Sporcu ve kendisine sahip
çıkan tüm bu karmaşık grupların hepsinin, sporcunun başarılı olduğu sürece
kazançlı çıkması herkesin beklediği bir amaçtır. Ama, bu arada meşhur bir
futbolcunun milli takımda yer aldığı bir maçta sakatlandığını düşünün. Giydiği forma
ve kazandığı başarıyla klüpün ve sponsorun adını sahalarda taşıyacak, gazete
stünlarında gösterecek ve televizyon ekranlarında görünecek bu futbolcunun, bir
süre ortadan kaybolmasıyla sponsorun ve klüpün uğradığı zararı federasyon
ödemeye razı olabilir mi? Futbolcunun sakatlığını, genelde klüp üstlenir, sponsor
ise, sporcunun iyileşmesini bekler. Bu arada anlaşmadaki maddelere göre, sporcu
oynasa da oynamasa da para alır veya oynamadığı sürece para alamaz. Tüm
tarafların para kazanması amacıyla yapılan bu anlaşmalar sonunda hemen herkesin
zarar etmesine neden olabilir.
Bir dünya kupasında, çok
meşhur bir futbolcu hasta olmasına rağmen, sponsorun dayatması nedeniyle sahaya
çıkmak zorunda kalırken pek çok ülkede o meşhur futbolcu istemezse federasyona
karşı gelir ve milli takıma girmez. bu nedenle de kimse ona ceza veremez. Biz
de ise, federasyon tarafından milli takıma davet edilen sporcu, geçerli bir
mazereti yoksa ve bu durum birkaç kere tekrar ederse federasyon tarafından
cezalandırılabilir.
Süreyya Ayhan sponsoru
olmadığından dolayı ve devlet tarafından tüm masrafları karışlanması sebebiyle federasyonun kontrolü altında
idman yapmak ve federasyonun saptayacağı yarışmalara girmek zorundadır. Geçen
yılki Avrupa Şampiyonası’na katılamayacağını bildiren Süreyya Ayhan tutumunu bu
yıl tekrarlayamaz. Zira artık sponsoru devlettir ve federasyonun saptayacağı
yarışmalara girmek zorundadır. Süreyya, yaz ayları içinde yapılacak olan
kazananlara büyük para ödülü dağıtılan yarışmalara girerek bankadaki hesabını
büyütebilir ama, atletizm takımının yapacağı milli yarışmalara ve Ossaka’daki
Dünya Şampiyonası’na katılmak zorundadır.
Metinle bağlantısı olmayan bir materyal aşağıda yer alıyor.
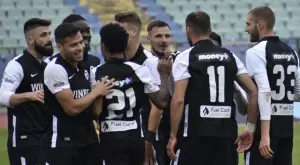 {{ otherArticle[0].article.title }}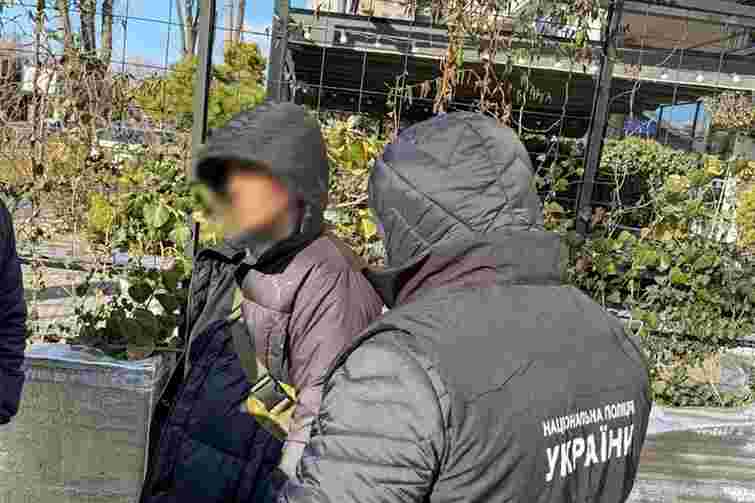 В Одесі затримали військового ТЦК за вимагання хабарів та погрози службою на «нулі»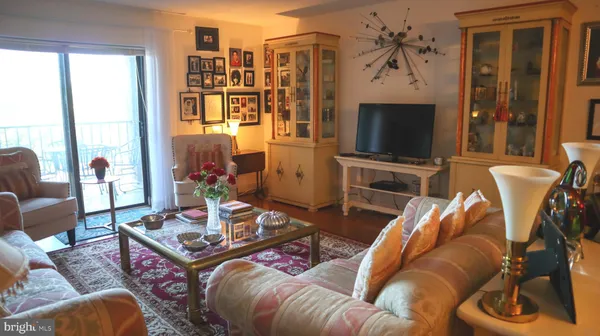 $325,000 | 10514 Valley Forge Circle, Unit 514, King of Prussia, PA 19406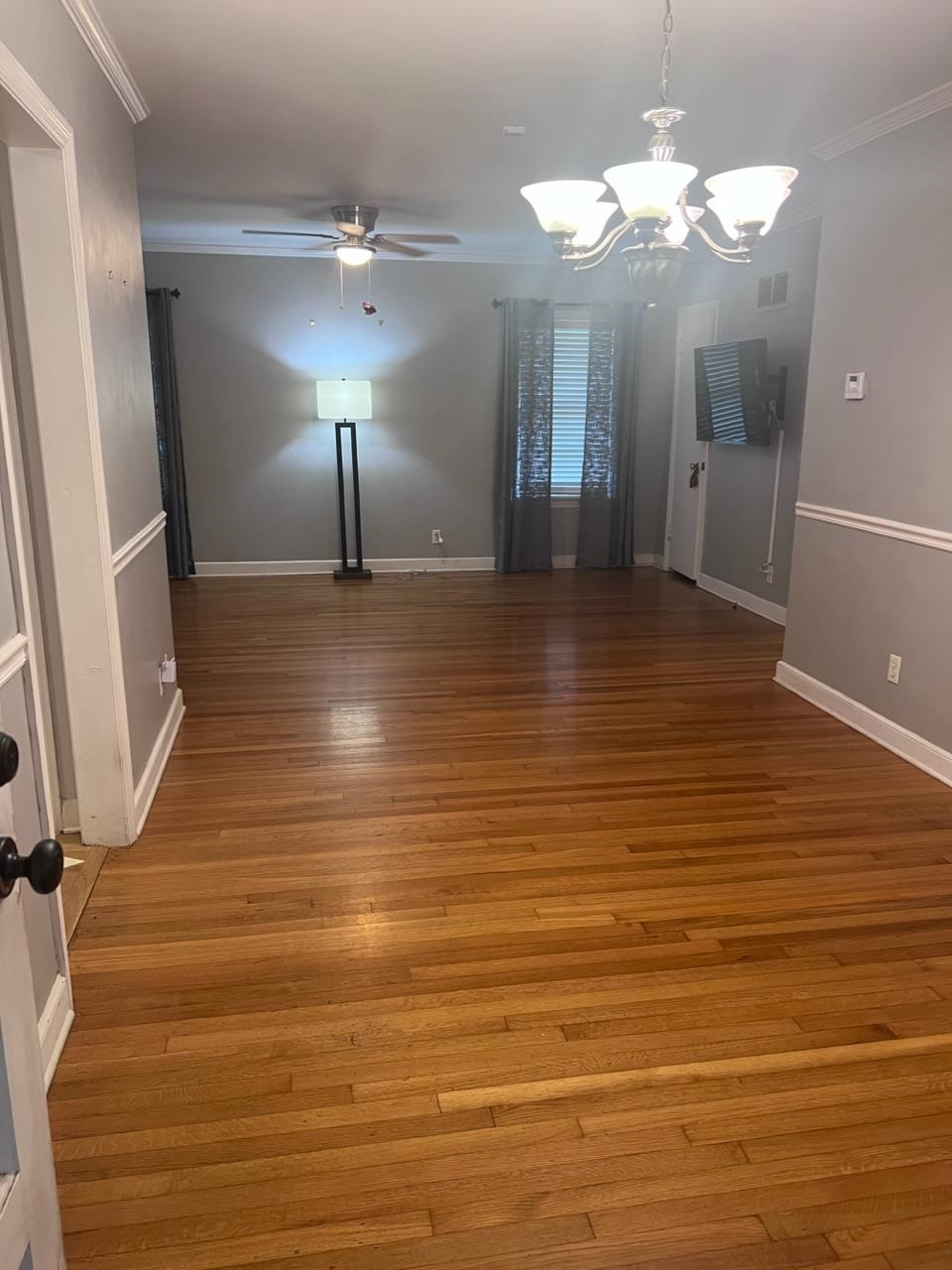 4682 Kaye Road Memphis, TN 38117 - Photo 16 of 17 a view of a livingroom with a window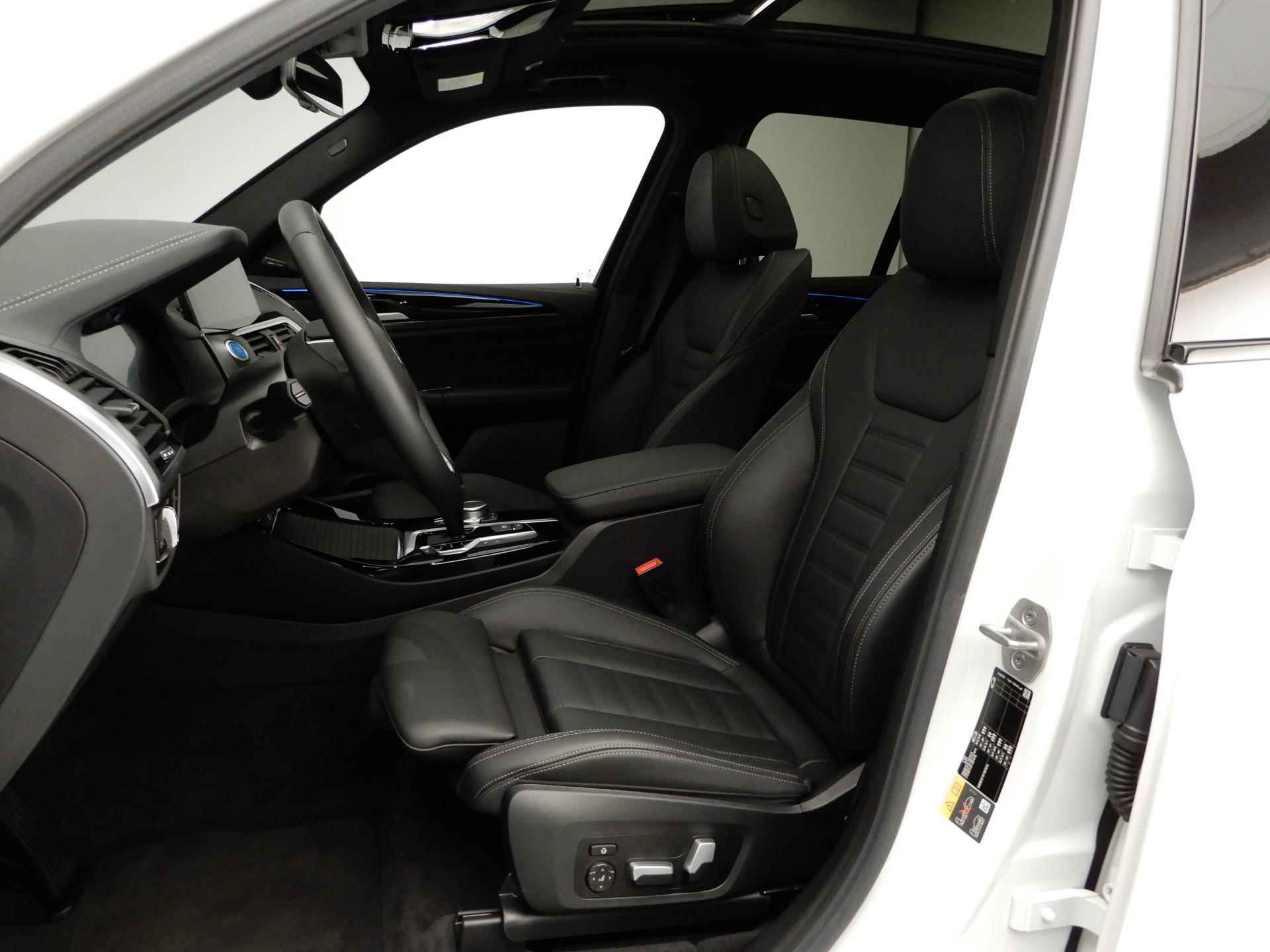 BMW iX3 High Executive 80 kWh | LED | Leder | HUD | Trekhaak | Schuifdak | Sportstoelen | DAB | Harman-kardon sound | Alu 20 inch - 8/29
Her genç spora kendi istediği
için başlar. Ve kendisinin tek sahibidir. Ama iş sponsor ve klüp konularına
girince kendi sahipliğine başkaları da katılır. Eğer Süreyya Ayhan, devletten
hiçbir kuruş almadan kendi parası ile Amerika’da idman yapsaydı, “Form’da değilim” diyerek istemediği
yarışmalara katılmamakta hür olabilirdi. Devletten aldığı bu parasal katkıdan
dolayı, sponsor gibi hareket etmesi gereken devlet tarafından kontrol edilmek ve
istenilen yarışmalara katılmak zorundadır.
Zira Süreyya Ayhan artık kendisinin tek sahibi
değildir ve onun sahibi devlettir. Süreyya’nın
ve Genel Müdürlüğün bu durumu bilerek hareket etmeleri her iki taraf ve Türk
atletizm severleri için mutlu sonuçlar getirecektir.